Le ballon d'essai d'Helmut Kohl
Les cercles concentriques, ainsi présentés, ne résolvent pas la contradiction, souvent évoquée au cours de cette année 1994, entre l'élargissement et l'approfondissement de l'intégration européenne. Comment des institutions conçues à l'origine pour six peuvent-elles fonctionner avec une vingtaine de membres ? L'Union ne risque-t-elle pas de se diluer dans une vaste zone de libre-échange répondant aux voeux secrets des Britanniques ?
Les démocrates chrétiens-allemands croient trouver une solution en proposant dans un texte stimulant qui, après un temps d'hésitation, provoque un débat nourri en France, la constitution d'un "noyau dur". Ce petit groupe d'Etats qui voudraient et pourraient aller plus loin dans une coopération tous azimuths (monnaie, économie, défense, immigration, etc.) montrerait la voie à l'ensemble de l'Union, sans attendre que tous ses membres aient la volonté ou la possibilité de construire une Europe fédérale. Et la CDU-CSU de citer les cinq pays - France, Allemagne et les trois du Benelux - qui lui paraissent dès maintenant aptes à faire partie de ce groupe.

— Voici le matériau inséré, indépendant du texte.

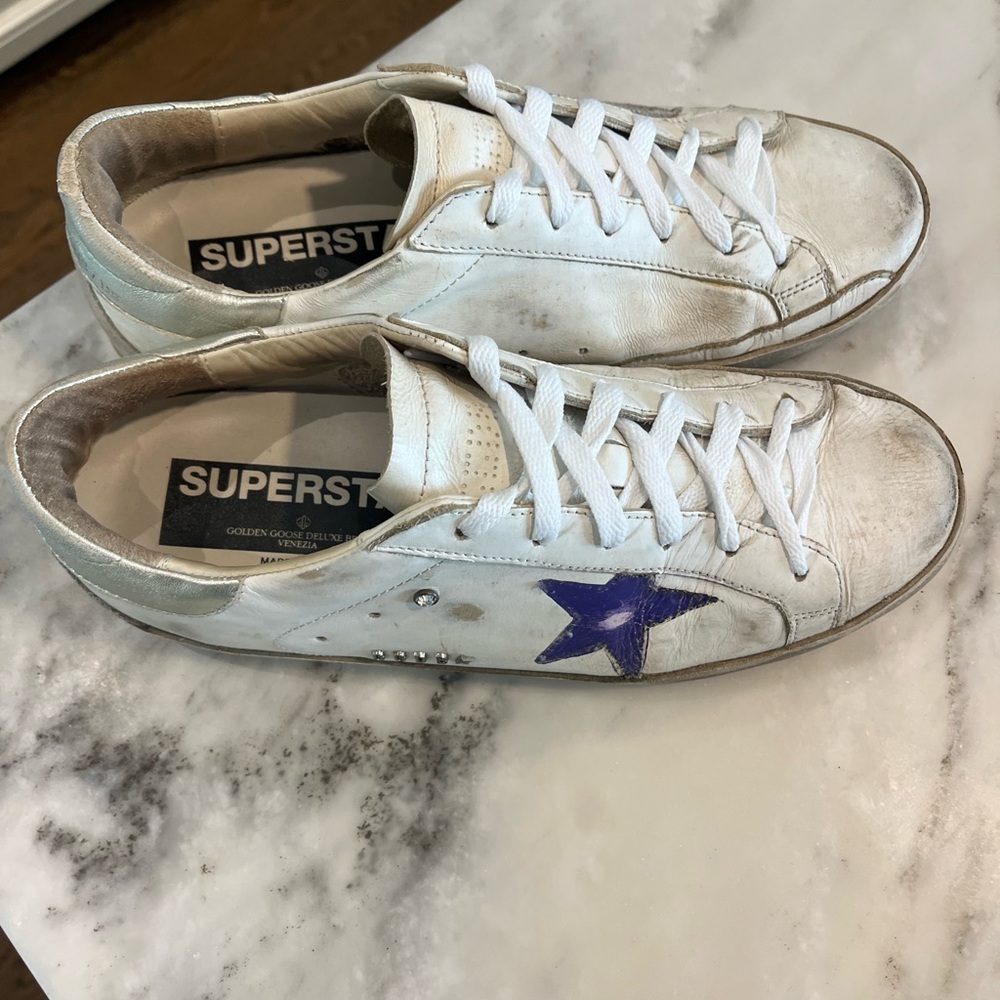Authentic Golden Goose Sneakers Size 40 - Picture 2 of 7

Dans quelle mesure ce texte représente-t-il la position officielle du gouvernement fédéral ? Difficile à dire. Son statut est ambigu; il a été rédigé par le porte-parole du groupe parlementaire pour la politique extérieure Karl Lammers, connu pour son engagement fédéraliste, mais il a été cosigné par Wolfgang Schauble, président du groupe, qui passe pour un candidat sérieux à la succession d'Helmut Kohl. Sans le reprendre à son compte, le chancelier ne désavoue pas non plus le texte, l'utilisant plutôt comme un ballon d'essai, qui lui a permis de tester les réactions de ses partenaires. Réactions de rejet chez les "exclus" (Italie, Espagne, ...); réactions quelque peu incrédules chez les Français qui ne voient pas l'intérêt de relancer la querelle sur le fédéralisme pendant la campagne présidentielle et qui craignent, dans un "noyau dur" à la Lamers, le face-à-face avec les Allemands. Edouard Balladur, dans ses réflexions sur l'architecture européenne, semble privilégier des "noyaux durs" à géométrie variabl
e, autorisant des constellations changeantes selon les domaines de coopération.

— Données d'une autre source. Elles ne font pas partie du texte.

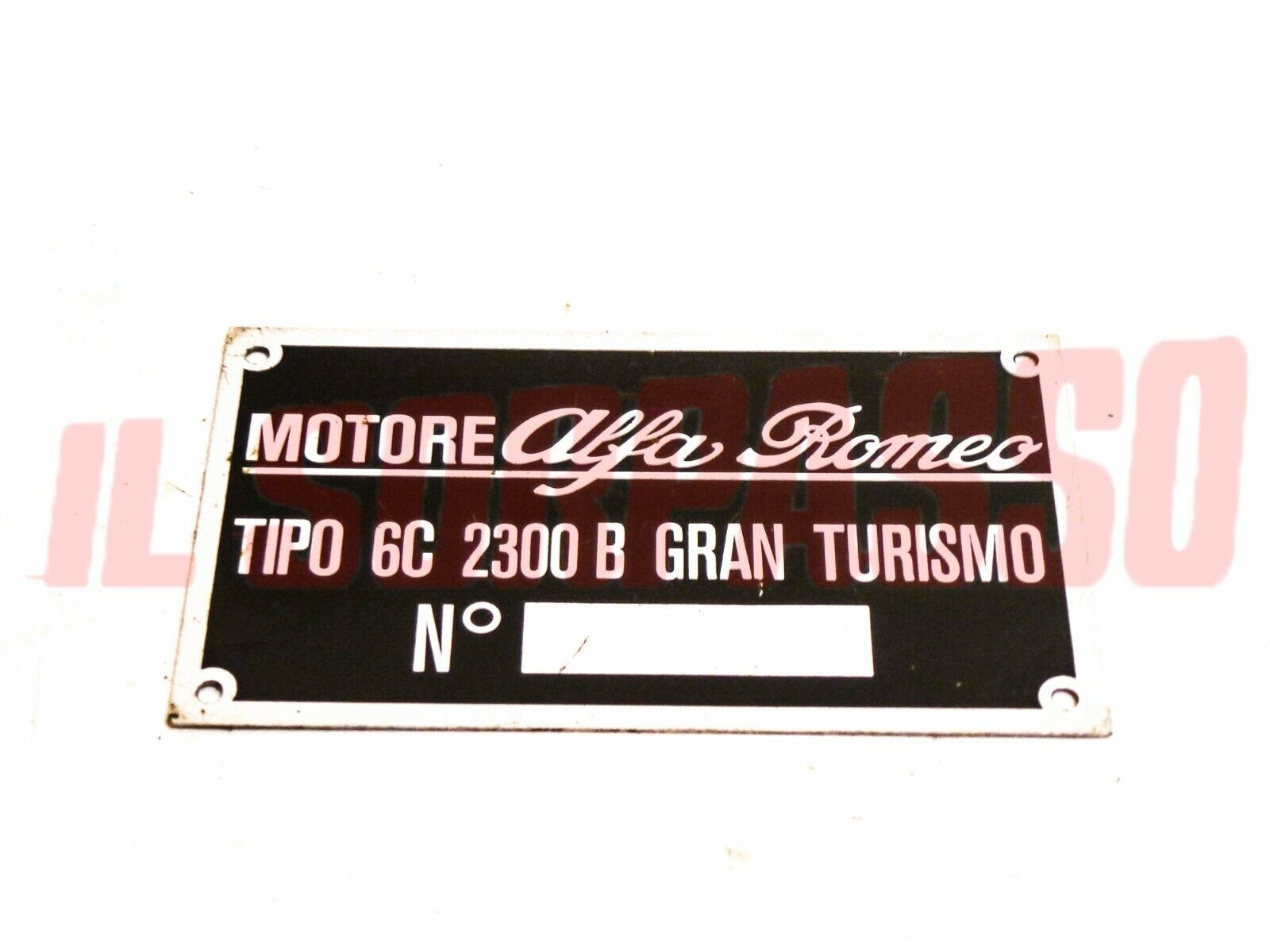 TARGHETTA IDENTIFICATIVA MOTORE ALFA ROMEO 6C 2300 B GRAN TURISMO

Ces querelles ne seront certainement pas tranchées par la conférence intergouvernementale de 1996. La France a demandé que le groupe de travail chargé de la préparer ne se réunisse pas avant l'été 1995, après l'élection présidentielle. Dans le peu de temps qu'il restera avant la réunion de la conférence, il est peu probable qu'un vaste bouleversement des institutions européennes puisse être envisagé. Ce serait déjà bien si des réformes ponctuelles conciliant la recherche de l'efficacité et une plus grande transparence démocratique étaient proposées aux pays membres.
Il est temps en tous cas que le souci d'efficacité guide les réflexions sur la politique extérieure et de sécurité commune qui, trois ans après Maastricht, reste dans les limbes. Le fiasco dans la guerre en Yougoslavie a suffisamment souligné que l'Europe ne disposait ni des méthodes d'analyse ni des moyens d'action indispensables pour parler d'une seule voix dans les affaires du monde, au moment précis où les Etats-Unis s'interrogent sur la nature et l'ampleur de leur engagement. Même les plus atlantistes des Etats européens doivent admettre que les Américains, s'ils constituent un dernier recours, répugneront de plus en plus à se mêler de conflits qu'ils considèrent comme de simples crises régionales. De Sarajevo à Bihac, l'année 1994 a montré que les Américains ne voulaient pas faire grand-chose en Europe et que sans eux les Européens ne pouvaient encore rien faire. La leçon de ce triste constat ne devrait pas être très difficile à tirer.